Она видела эти его тайные движения, и они не вызывали в ней понимающей усмешки. Он ведь тоже боялся ошибиться, ведь может же этот несгибаемый человек бояться хоть чего-то!…
И
Он все видел и все понял. И теперь остается только ждать его решения…
Словно очнувшись, она остановилась под фонарем, огляделась. Кажется, не так уж далеко от гостиницы. Глянула на часы — без десяти два. Хм… И как она будет выглядеть завтра — невыспавшаяся, с синеватыми тенями вокруг глаз?… В последний раз замерла, глядя на реку.
Два моста — слева и справа — освещенные несильными прожекторами, казалось, висели в темном воздухе.
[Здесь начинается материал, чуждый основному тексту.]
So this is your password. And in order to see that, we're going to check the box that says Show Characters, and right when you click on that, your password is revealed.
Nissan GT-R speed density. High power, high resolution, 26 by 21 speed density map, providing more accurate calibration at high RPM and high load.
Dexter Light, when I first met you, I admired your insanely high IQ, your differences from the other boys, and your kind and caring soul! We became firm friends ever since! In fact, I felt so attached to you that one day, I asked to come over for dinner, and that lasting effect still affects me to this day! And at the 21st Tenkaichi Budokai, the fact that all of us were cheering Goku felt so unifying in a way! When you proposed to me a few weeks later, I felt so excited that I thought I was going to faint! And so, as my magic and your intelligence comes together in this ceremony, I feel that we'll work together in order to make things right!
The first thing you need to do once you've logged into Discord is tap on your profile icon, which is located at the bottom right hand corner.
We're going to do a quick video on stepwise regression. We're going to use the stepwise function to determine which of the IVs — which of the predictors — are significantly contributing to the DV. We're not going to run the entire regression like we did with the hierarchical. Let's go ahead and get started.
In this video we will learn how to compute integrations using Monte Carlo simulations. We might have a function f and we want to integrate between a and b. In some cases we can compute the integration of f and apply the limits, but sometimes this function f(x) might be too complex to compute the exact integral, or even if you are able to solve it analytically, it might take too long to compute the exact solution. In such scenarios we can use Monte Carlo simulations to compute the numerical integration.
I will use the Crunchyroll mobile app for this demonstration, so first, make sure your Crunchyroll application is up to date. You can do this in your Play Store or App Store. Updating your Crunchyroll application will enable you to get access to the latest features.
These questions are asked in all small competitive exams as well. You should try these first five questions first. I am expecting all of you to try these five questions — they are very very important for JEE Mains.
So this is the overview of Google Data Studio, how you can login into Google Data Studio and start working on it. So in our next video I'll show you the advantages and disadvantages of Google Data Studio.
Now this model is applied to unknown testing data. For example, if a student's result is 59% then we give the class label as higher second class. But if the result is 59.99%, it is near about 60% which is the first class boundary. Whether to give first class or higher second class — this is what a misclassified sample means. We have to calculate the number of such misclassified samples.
И вдруг случилось что-то — дрогнули, покачнулись гнутые полотнища и медленно поползли вверх. В небывалом синеватом ночном свете разводили мосты.
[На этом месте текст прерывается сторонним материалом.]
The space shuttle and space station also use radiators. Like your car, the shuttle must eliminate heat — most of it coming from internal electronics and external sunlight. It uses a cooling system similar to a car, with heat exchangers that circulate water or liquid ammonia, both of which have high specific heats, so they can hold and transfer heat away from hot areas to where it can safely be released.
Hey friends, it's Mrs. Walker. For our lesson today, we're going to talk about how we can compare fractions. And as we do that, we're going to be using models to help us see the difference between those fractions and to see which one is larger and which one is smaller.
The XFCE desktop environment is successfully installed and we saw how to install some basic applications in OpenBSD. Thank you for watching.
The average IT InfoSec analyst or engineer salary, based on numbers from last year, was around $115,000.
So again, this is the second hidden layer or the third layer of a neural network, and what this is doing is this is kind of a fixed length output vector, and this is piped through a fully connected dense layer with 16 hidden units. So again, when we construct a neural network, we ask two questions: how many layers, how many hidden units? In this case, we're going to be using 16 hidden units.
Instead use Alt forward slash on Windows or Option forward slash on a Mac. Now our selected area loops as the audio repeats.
Директор Правового департамента Тамара Железнова стояла на петербургской набережной, смотрела на вздымающиеся дуги плакала.
Вечер того же дня. Москва.
Она плакала. Совершенно точно, она плакала!…
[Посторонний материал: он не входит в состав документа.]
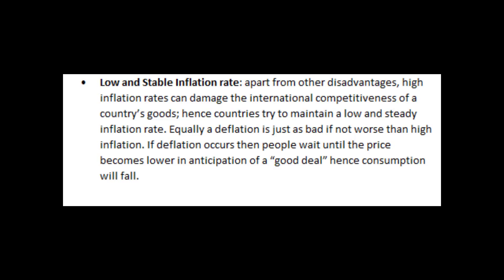Another objective is a low and stable inflation rate. Apart from other disadvantages, high inflation rates can damage the international competitiveness of a country, hence countries try to maintain a low and steady inflation rate. Equally, deflation is just as bad if not worse than high inflation. If deflation occurs, people wait for prices to fall further in anticipation of a good deal, hence consumption will fall.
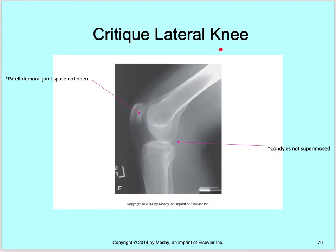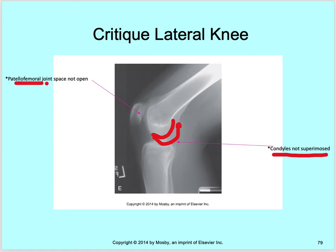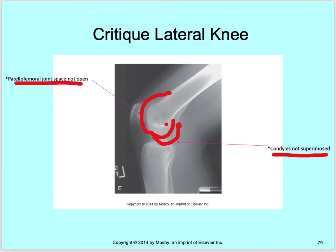Critiquing a lateral knee: the condyles are not superimposed — you're seeing one condyle here and another here. And more than likely this is the adductor tubercle. The patellar-femoral joint space is not open. The way this is rotated, you can see your lateral condyle, and it's closing that joint space. This means the patient is rotated towards the IR and needs to be rotated away. That knee needs to come up a little bit so those condyles are superimposed over one another to open up the joint spaces.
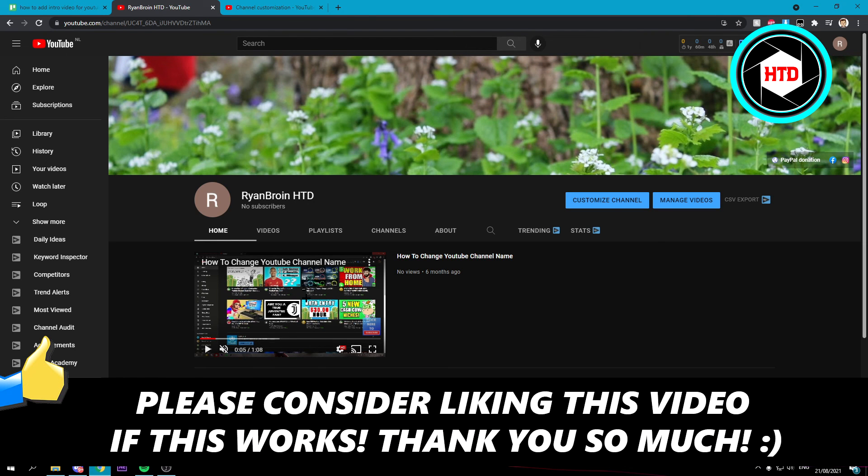I hope this video helped you out. Please leave a like and let me know in the comments if it worked. I'll see you next time, have a good day.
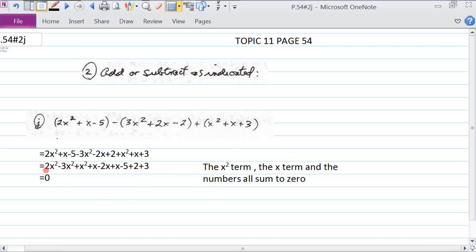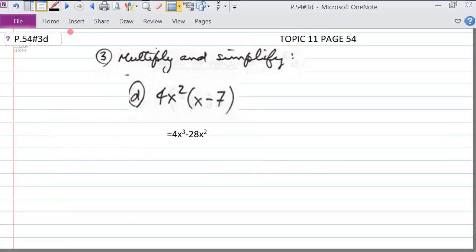It's just a coincidence that all terms sum to zero. The x squared terms: 2 minus 3x squared plus x squared equals zero. The x terms: x minus 2x plus x equals zero. And the constants: minus 5 plus 2 plus 3 also equal zero. So every term sums to zero.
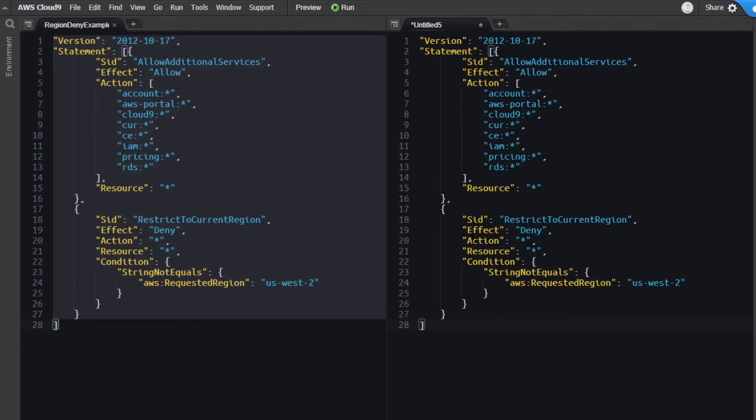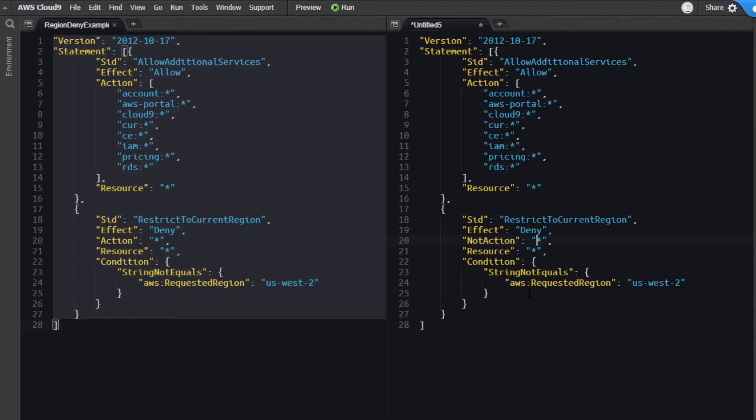Instead of just using deny with the action in it, we're going to switch this to not action. And then over here, instead of the wildcard, I'm going to put in the excluded action or service in this case that I wanted to exclude. And that would be IAM, any of the identity and access management requests.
Пузатый человек на сцене, страшно шевеля бровями, пел что-то на удивление незамысловатое, даже ему, Малышеву, понятное. Знать бы еще, о чем это он… Нет, неплохо, конечно. Да что там говорить — здорово поет чувак, но чтоб плакать…
Пузан, всемирный любимец-тенор, допел последнее долгое-долгое слов и горестно умолк. Зал взорвался аплодисментами. «Браво» и «Бис» орали так истово, как если бы за собственную жизнь голосовали. Малышеву заложило уши, но он мужественно громыхал ладонями и поглядывал искоса на Настю. В ее глазах все еще стояли слезы, но она улыбалась так светло, что от сердца отлегло — ладно, пусть поплачет, если ей от этого лучше.
Настя, с едва сдерживаемым радостным взвизгом принявшая его приглашение на концерт, сегодня вдруг оказалась в настроении совсем не праздничном. Заехав за ней в задрипанное Перово, он получил на руки совершенно унылую и упавшую духом девицу. Более того — покрасневшие веки недвусмысленно информировали о недавних слезах. На деликатные вопросы Настя лишь виновато мотала головой и бормотала: «Ничего страшного не случилось» — и все извинялась.
Малышев обиделся. Вот тебе и восхищенная благодарность! Он так рассчитывал доставить ей удовольствие, так хотел посмотреть на радостное, оживленное личико, и — на тебе! Страдальчески сведенные брови…
А Настя, не замечая настроения нарядного господина, сердито сопевшего по правую руку, просто сидела и слушала: музыку, голос, саму себя. В который уже раз повторялось это волшебство — теплая волна музыки смывала все обиды и проблемы, вообще все сиюминутное, и ничего не оставалось в ней от прежней Насти Артемьевой, уставшей и вечно торопящейся. То, что не имело отношения к ее телу, но было, собственно, самой Настей, — внутреннее ее существо, именуемое обычно душою, — уходило куда-то, растворялось в целебных потоках и возвращалось с финальными аплодисментами до блеска отмытым, светлым, прозрачным.